■ WHAT YOU ARE ASKED TO DO: Every line from the one containing "New York Yankees" to the last line of the listing below should be given again exactly.

********************

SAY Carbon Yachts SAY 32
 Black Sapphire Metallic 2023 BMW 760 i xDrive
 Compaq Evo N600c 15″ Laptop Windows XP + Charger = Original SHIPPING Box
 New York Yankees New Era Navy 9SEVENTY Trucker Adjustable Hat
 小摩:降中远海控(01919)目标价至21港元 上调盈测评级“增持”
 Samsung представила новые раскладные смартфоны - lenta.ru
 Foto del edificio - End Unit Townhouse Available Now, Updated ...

********************

■ TASK OUTPUT:
 New York Yankees New Era Navy 9SEVENTY Trucker Adjustable Hat
 小摩:降中远海控(01919)目标价至21港元 上调盈测评级“增持”
 Samsung представила новые раскладные смартфоны - lenta.ru
 Foto del edificio - End Unit Townhouse Available Now, Updated ...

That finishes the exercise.